1080p. It almost seems like it’s a resolution starting to fade into obscurity, what with QHD, 4K, and even 5K and 6K screens entering the high-end mainstream. You can hardly find a new mid-to-high end notebook with a screen under 1440p. Yet, 1080p remains the most popular resolution among PC Gamers, according to the Steam Hardware Survey at least, and it probably will be for some time. So, of course, it behooves us to get familiar with a card that may be one of, if not the best options for 1080p gaming. This one.
This is the Geforce GTX 1050 Ti – specifically, the MSI Twin Frozr VI edition, factory overclocked and sporting a number of optimizations that push its performance a little above the standard GTX 1050, although there is no reference card for this GPU, so there’s not really a clear baseline to compare it to.
Taking a gander at some of the spec highlights, we’re looking at 768 CUDA cores, 4GB of GDDR5 memory, a 75W TDP, and a number of different values for base clock, boost clock, and memory clock speed based on which mode you’re running. Silent Mode is obviously the more power efficient mode, Gaming Mode is the standard configuration, and OC mode, which increases gaming performance along with higher power consumption. You can actually switch between these modes from your phone pretty easily if you install MSI’s mobile Gaming App. Now the card came in Gaming mode by default, and we didn’t change it for our benchmarks – Gaming mode’s clock speeds are actually still higher than the 1050 Ti’s “reference” speeds according to Nvidia. So when we get to those numbers, keep in mind that you could squeeze a bit more out of this card by switching to OC mode and / or actually overclocking it, even more, yourself – Overclock at your own risk.
Now unlike the previous Maxwell generation, which used the same GM206 GPU for the GTX 960, 950, and 950 Ti, the 1050 Ti gets its own specific GPU, the GP107, distinct from the GP106 found in the GTX 1060. And GP107 is actually made with a 14nm FinFET process, whereas the rest of the Pascal GPUs are built on 16nm. This allows Nvidia to clock the GTX 1050 and 1050 Ti a little lower, increasing its power efficiency while still outputting significant performance.

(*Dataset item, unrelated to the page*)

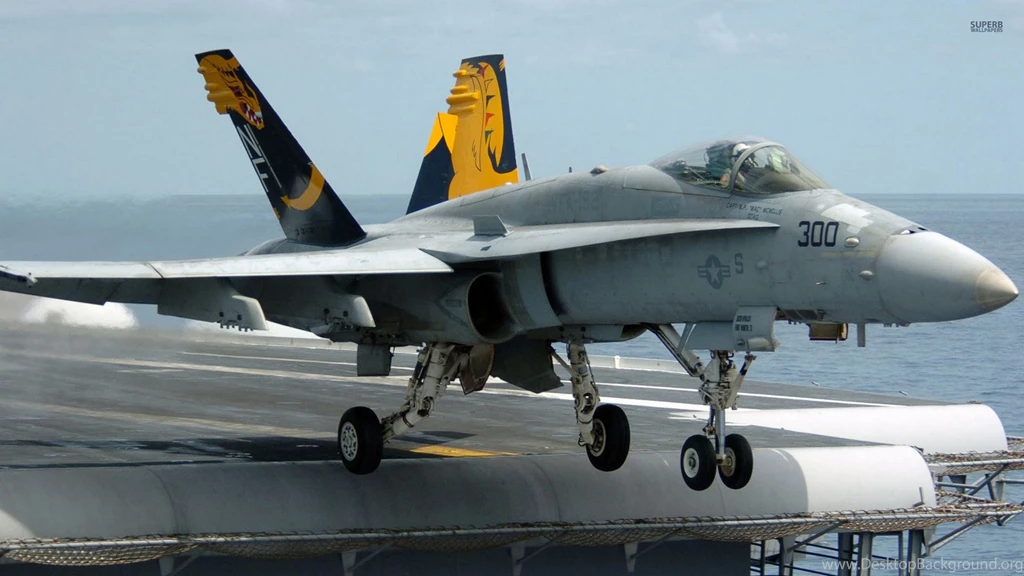 F 18 Super Hornet Wallpapers For Android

So what about that performance? Let’s jump right into it. We ran this card through our usual battery of game and synthetic benchmarks, and also compared its DirectX 11 and DirectX 12 performance where we could. All of our game benchmarks run at the default high settings, and for this card, we only ran them at 1080p, because, while you could conceivably run higher resolutions on the 1050 Ti, 1080p is really what it’s meant for as we discussed earlier. And do keep in mind, we did run these tests pretty early on, so new Nvidia drivers may have given a bit of a performance boost in the meantime. Now, GTA V, of course, has over 100 fps, as it has with most of the latest-gen cards from both AMD and Nvidia – in the rest of our titles, the 1050 Ti got just over 30 fps, with the exception of the Witcher 3 at 43 fps and around 55 fps in Rise of the Tomb Raider.
The DirectX 12 story is pretty similar to what we’ve seen so far with other cards – in Ashes, Rise of the Tomb Raider, and Deus Ex Mankind Divided, we actually got a slight dip in framerate, but it’s also small enough that that might just be standard variation. Synthetic benchmarks have this card coming in right between the RX 470 and RX 460. And that’s actually true of the price as well.

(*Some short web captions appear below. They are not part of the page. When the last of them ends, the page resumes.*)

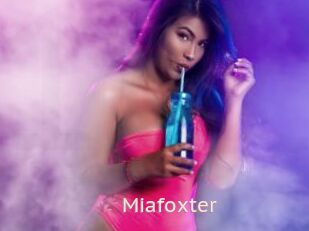 Miafoxter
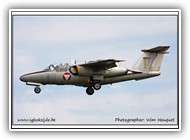 Saab 105 Austrian AF YI-09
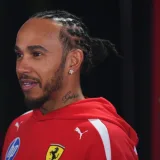 Hamilton ve en un Gran Premio africano una razón para seguir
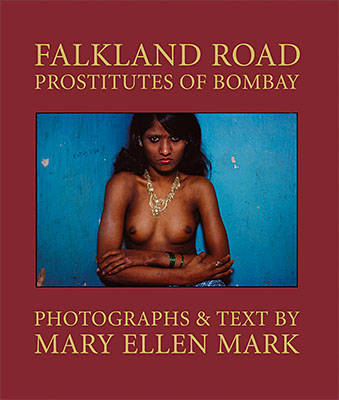Falkland Road: Prostitutes of Bombay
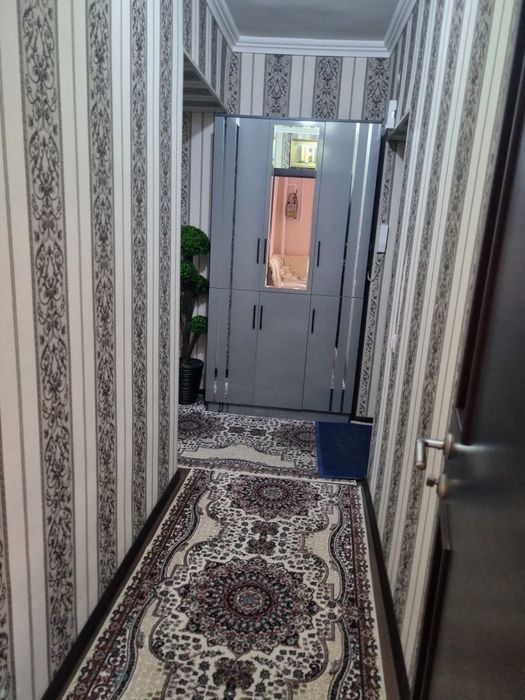 Янгихайот метро 3-бекат 5А дом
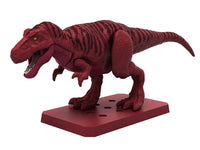 Plannosaurus Tyrannosaurus (Tropical Jungle Ver.) Model Kit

When we talk about these budget cards, right around the 100 to 200 dollar range, it always becomes a question of just that – your budget. The 1050 Ti has an MSRP of 139 US dollars, which is actually the same as the 4GB version of the Radeon RX 460, which it surpasses in performance in most cases. But of course, you’re most likely buying a custom card version, which could be anywhere from 140 to 220 US. At those higher end prices, you might be better off getting an RX 470 or even a GTX 1060. But if your budget is around 150ish, the GTX 1050 Ti is a solid option for getting consistently playable framerates at 1080p.
Alright, that’s it for this episode of Unpacked, thanks for watching guys. Click over here for the previous Unpacked, check us out on twitter over here. But as always, like the video, if you liked it, comment below for fans with benefits and subscribe for more videos like this from NCIX.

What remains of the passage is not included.